Senior running back Isaiah?Pead has 260 rushing yards and five
touchdowns on 38 carries the past two seasons against Rutgers, when
Cincinnati scored a combined 116 points. Pead ranks third in the
Big?East in rushing yards and averages 6.0 yards per carry. – Photo by The Daily Targum

For Mark Harrison, there is no better time to return.

The junior wide receiver sat out two weeks ago against South Florida and played sparingly against Army because of lingering effects of a head injury suffered in practice.

Now he is back in time for the Rutgers football team’s battle for first place in the Big East with Cincinnati, the team he torched for 240 yards last season and four scores.

Head coach Greg Schiano said Monday he expects Harrison to be ready to play Saturday, and Harrison echoed the sentiment.

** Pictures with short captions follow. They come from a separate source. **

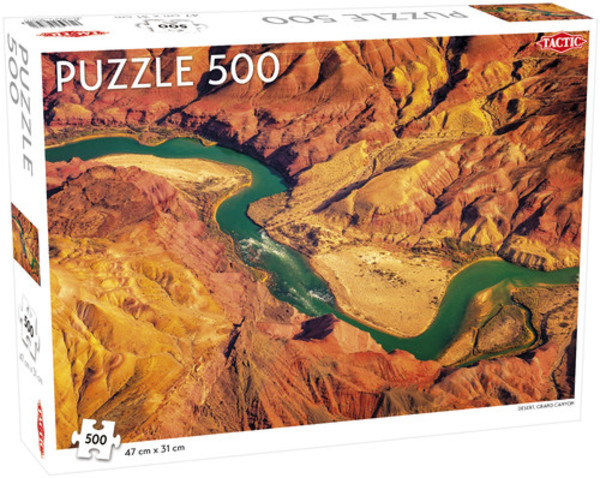 Puzzle Pustynia Wielki Kanion 500 elementów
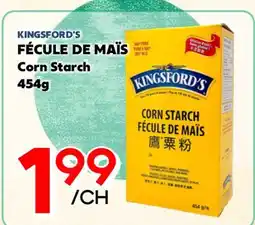 Marche Salaberry KINGSFORD'S FÉCULE DE MAÏS offer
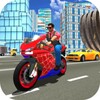 Superhero Stunt Bike Simulator icon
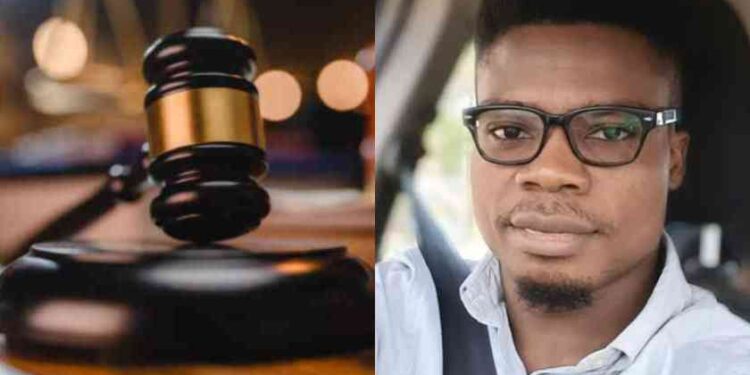 Court Gavel and Justice Crack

“I feel great,” he said. “I’m glad to be back out there on the field, running routes and catching balls from Chas and Nova. It feels great to be back.”

Harrison practiced sparingly leading up to last week’s game against Army, and ultimately it was a lack of practice — not his injury — that forced him into a limited role at Yankee Stadium.

He caught a 45-yard touchdown pass against West Virginia, but was relegated to the sideline in the immediate aftermath.

“It’s always frustrating when you want to do more but really can’t,” Harrison said. “You prepare all year round and only get 12 of them on the schedule. It was hard to watch, but I kept in my playbook, studied and worked on the things I knew I’d need to work on when I got back.”

Now Harrison prepares for a matchup he said has he and his teammates excited for their next game.

History is not on the Scarlet Knights’ side, as they lost each of their past five meetings with the Bearcats, but it is on Harrison’s after last year’s performance.

“Honestly, when I was out there I really didn’t think about how big it was,” he said. “I just played and took one play at a time.”

Schiano said redshirt freshman safety Rashad Knight could return Saturday after suffering a foot injury in training camp.

A four-star cornerback recruit out of Jacksonville, Fla., Knight committed to Rutgers instead of Michigan late in the recruiting process, but has yet to see the field for the Knights. Schiano said he could play special teams or in defensive subpackages, but he is most likely to debut on special teams.

“I don’t know if he’s ready yet, but he’s a good football player,” Schiano said. “You remember how excited I was about him. He’s an instinctual football player who will hit you.”

Only Bearcats running back Isaiah Pead matched Harrison’s dominant showing last season in Cincinnati, when he rushed for 213 yards and four touchdowns.

Pead carried the ball eight times for 47 yards and a touchdown as a sophomore in Piscataway, giving him a 6.67 yards-per-carry average against Rutgers.

He ranks third in the Big East in rushing yards, while Rutgers ranks last in run defense, although that is a product of facing two triple-option offense.

Still, Schiano is wary of facing Pead.

“I thought he was a good, young back when we first started playing him, but he’s a really good back now,” Schiano said. “He’s going to be a really good NFL player. He’s strong. He’s tough. He has good vision. He gets downhill. He knows when to go outside. He catches the ball well. He’s a complete player.”